With the continuous advancement of transcriptomics, its application has expanded to various fields, including animals, plants, microorganisms, and medicine [
47,
48]. By investigating organisms through transcriptomic analysis, researchers can identify changes in gene expression across different species [
49]. In this study, transcriptomics were employed to examine the differentially expressed genes of
O. sinensis under varying temperature treatments, leading to the identification of these genes. In the T8 vs. T18 comparison group, the majority of genes were down-regulated. Conversely, in the T8 vs. T28 comparison group, up-regulated genes predominated, while in the T28 vs. T18 comparison group, down-regulated genes outnumbered up-regulated ones. As temperature increased, the number of up-regulated genes gradually decreased, whereas down-regulated genes increased. Additionally, the clustering analysis of the three strains at different temperatures revealed that the strains at T8 and T18 clustered together, whereas those at T28 formed a distinct cluster. Integrating these findings with a comprehensive analysis of morphology, physiological indicators, and metabolomics suggests that the strains at 28 °C may experience high-temperature stress. Ultimately, significant changes were observed in growth rates, physiological and biochemical indices, differential metabolites, and the number of differentially expressed genes. These results indicate that the antioxidant oxidase system of the strain was compromised under different temperature stresses, leading to reduced spore production and adversely affecting normal growth and development. The variability in the number of differentially expressed genes among the strain highlights differing trends in expression. Furthermore, gene expression profiles under varying temperature stresses differed, reflecting the strain’s adaptive mechanisms to temperature fluctuations.

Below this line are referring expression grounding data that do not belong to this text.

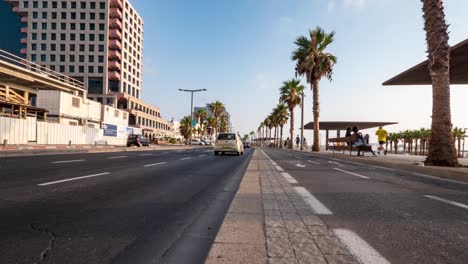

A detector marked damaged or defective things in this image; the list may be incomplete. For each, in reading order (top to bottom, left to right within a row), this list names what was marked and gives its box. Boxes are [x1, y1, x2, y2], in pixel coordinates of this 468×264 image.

road crack [30, 224, 56, 262]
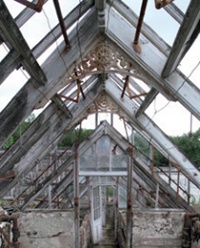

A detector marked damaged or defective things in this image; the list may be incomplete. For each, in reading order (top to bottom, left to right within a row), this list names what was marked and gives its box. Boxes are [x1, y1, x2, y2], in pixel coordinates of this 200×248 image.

rusty metal pipe [53, 0, 70, 49]
rusty metal pipe [0, 214, 19, 247]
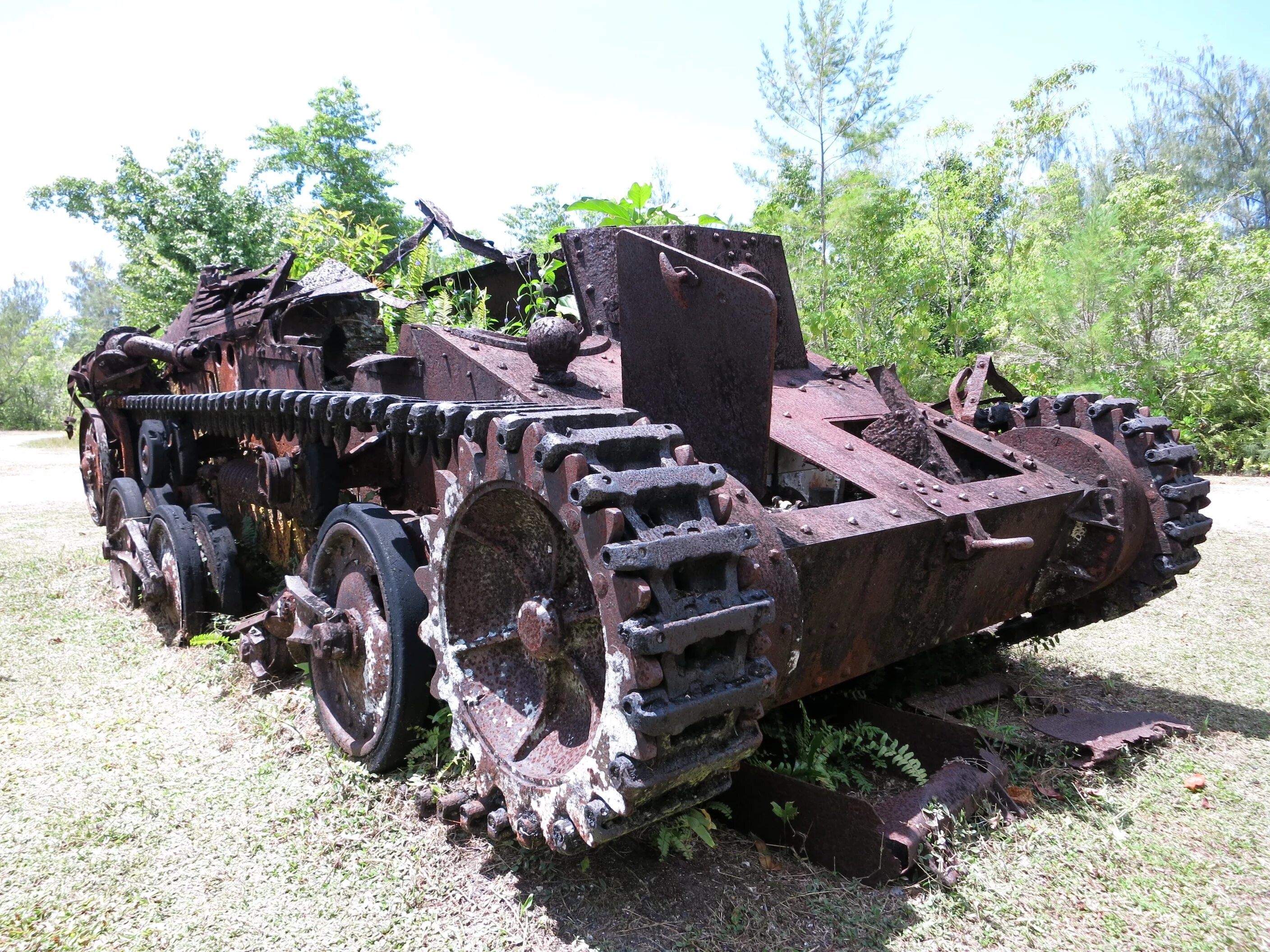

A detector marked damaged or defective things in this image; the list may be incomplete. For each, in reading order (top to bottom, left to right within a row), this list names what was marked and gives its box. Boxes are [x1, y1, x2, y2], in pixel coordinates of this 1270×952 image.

rusted metal plate on ground [612, 229, 777, 492]
rusted tank wreck [69, 206, 1209, 868]
rusted metal plate on ground [1026, 710, 1194, 766]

In recent years, the integration of high-throughput sequencing platforms with RNA-Seq technology has significantly advanced molecular biology research [
50]. Consequently, this study conducted Gene Ontology (GO) and Kyoto Encyclopedia of Genes and Genomes (KEGG) enrichment analyses of differentially expressed genes (DEGs) across various comparison groups using Illumina RNA-Seq technology. The GO enrichment analysis revealed that DEGs were primarily categorized into three functional domains: molecular function (MF), biological process (BP), and cellular component (CC). Further analysis indicated that the most prominent GO terms in the T8 vs. T18 comparison group included nucleolus, pre-ribosome, 90s ribosome, RNA binding, biological origin of ribosomes, ribosome processing, and metabolic processes. In the T8 vs. T28 comparison group, GO terms were predominantly enriched in extracellular regions and intrinsic components of the plasma membrane. The main GO terms enriched in the T28 vs. T18 comparison group included membrane composition, isotropic transport activity, and solute cation symporter activity. Temperature stress induces the peroxidation of the
O. sinensis plasma membrane, resulting in compositional changes to adapt to elevated external temperatures [
51]. This suggests that temperature stress significantly impacts the metabolic substances of strains, leading to continuous alterations in their physiological, biochemical, and metabolic processes. Additionally, the KEGG pathways associated with DEGs across different comparison groups were analyzed. The results indicated that in the T8 vs. T18 comparison group, DEGs were highly enriched in KEGG pathways related to ribosome biogenesis, as well as the biosynthesis of ubiquinone and other terpenoid quinones in eukaryotes. In the T8 vs. T28 comparison group, DEGs showed high enrichment in KEGG pathways related to protein efflux, tryptophan metabolism, arginine and proline metabolism, protein processing in the endoplasmic reticulum, and phenylalanine metabolism. The KEGG pathways associated with DEGs in the T28 vs. T18 comparison group were significantly enriched in ribosome and eukaryotic ribosome biogenesis pathways. This evidence supports the notion that temperature variations influence the original gene expression patterns of
O. sinensis, and that the strain’s stress response mechanisms to temperature changes are distinct.